Task to complete:
Take the records below and copy them exactly.
───── Material to process ─────
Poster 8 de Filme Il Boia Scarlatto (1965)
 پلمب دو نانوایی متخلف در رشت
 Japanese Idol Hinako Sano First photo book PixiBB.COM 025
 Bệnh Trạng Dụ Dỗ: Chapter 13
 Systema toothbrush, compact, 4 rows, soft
─────
Response to this exercise:
Poster 8 de Filme Il Boia Scarlatto (1965)
 پلمب دو نانوایی متخلف در رشت
 Japanese Idol Hinako Sano First photo book PixiBB.COM 025
 Bệnh Trạng Dụ Dỗ: Chapter 13
 Systema toothbrush, compact, 4 rows, soft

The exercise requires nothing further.